En el marco de esta retórica, por consiguiente, el Estado no se limitaba a ser un dispensador todopoderoso de recursos apetecidos que los distribuía –por intermedio de su instrumento elegido, el líder- a individuos pasivos. Más bien el Estado era un espacio donde las clases –no los individuos aislados- podían actuar política y socialmente unos junto con otros para establecer derechos y exigencias de orden corporativo. Según este discurso el árbitro final de ese proceso podía ser el Estado, y en definitiva la figura de Perón identificada con el Estado, pero éste no constituía a esos grupos como fuerzas sociales, pues ellos tenían cierta independencia, así como una presencia irreductible, social, y, por lo tanto, política.

 

Esta afirmación de los trabajadores como presencia social y su incorporación directa al manejo de la cosa pública suponía obviamente un nuevo concepto de las legítimas esferas de interés y actividad de la clase obrera y sus instituciones. Esto se hizo patente sobretodo en la afirmación, por parte de Perón, de que los trabajadores tenían derecho a interesarse por el desarrollo económico de la Nación y a contribuir a determinarlo. Las cuestiones de la industrialización y del nacionalismo económico, factores claves de la atracción ejercida por el peronismo, debían ser situadas en el marco de esa nueva visión del papel de los obreros en la sociedad. La retórica peronista era lo bastante abierta como para obtener las fibras de pensamiento nacionalista existente.

 Por ejemplo, términos como “cipayo” y “vende-patria” se incorporaron al lenguaje político peronista para designar aquellas fuerzas que deseaban mantener a la Argentina dentro de la órbita económica de los Estados Unidos y Gran Bretaña como proveedoras de productos agropecuarios. Tal lenguaje se tornó simbólico de una puja hacia la industrialización, proceso que debía ser guiado y supervisado con arreglo a la meta “Argentina Potencia”, en vez de la “Argentina Granja” postulada según los peronistas, por sus adversarios.

 

El éxito de la identificación de Perón mismo con la creación de una Argentina industrial, así como la atracción política ejercida por esa simbolización, no recibía sino primordialmente en los términos programáticos.
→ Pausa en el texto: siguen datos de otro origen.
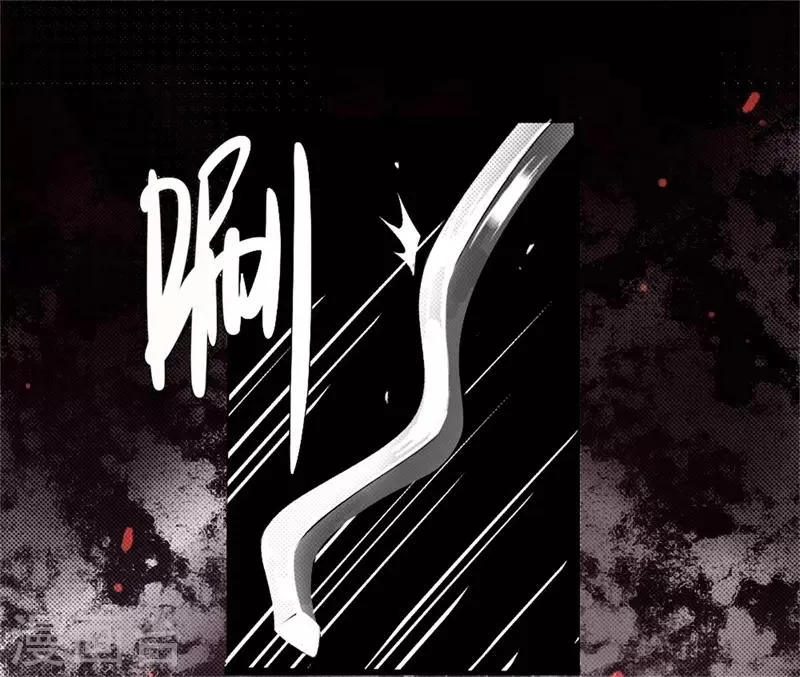 第4话 血染春雨楼 第18页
Dado el inminente interés de una fuerza de trabajo industrial emergente por la cuestión de la industrialización, así como la vigorosa auto identificación del peronismo con este símbolo y su posterior monopolio del lenguaje del desarrollo económico, resultaría tentador explicar ese éxito de función de un interés, también monopólico, de Perón en ese programa.

 

La verdadera cuestión en juego es la década 1940-50, no era en consecuencia, tanto industrialización versus desarrollo agrario como intervención estatal versus laissez-faire. Más bien se trataba del problema de los distintos significados potenciales de la industrialización, es decir los parámetros sociales y políticos con arreglo a los cuales ese proceso debía operarse. Perón tuvo habilidad de definir esos parámetros en una forma nueva que atrajo a la clase obrera, así como la habilidad de abordar este problema en una forma que, particularmente creíble para trabajadores, le permitió apropiarse del tema y el símbolo del desarrollo industrial y convertirlo en un arma política mediante la cual pudo diferenciarse de sus adversarios.

 

El éxito de esta apropiación fue, en alguna medida, cuestión de cómo se la percibiera. Ciertamente, el vínculo entre los rivales políticos de Perón en 1945-46 y los bastiones de la elite agropecuaria tradicional, como lo eran la Sociedad Rural y el Jockey Club, debilitaba la credibilidad de su compromiso con la industrialización. Análogamente, su estrecho nexo con el embajador norteamericano no fortalecía la creencia en su devoción por la soberanía nacional y la independencia económica. En cuanto a imagen, hacia fines de la campaña electoral de 1946 ya era un hecho establecido la identificación del peronismo con el progreso industrial y social y con la modernidad: pero no se trató exclusivamente de un problema de imagen y relaciones públicas.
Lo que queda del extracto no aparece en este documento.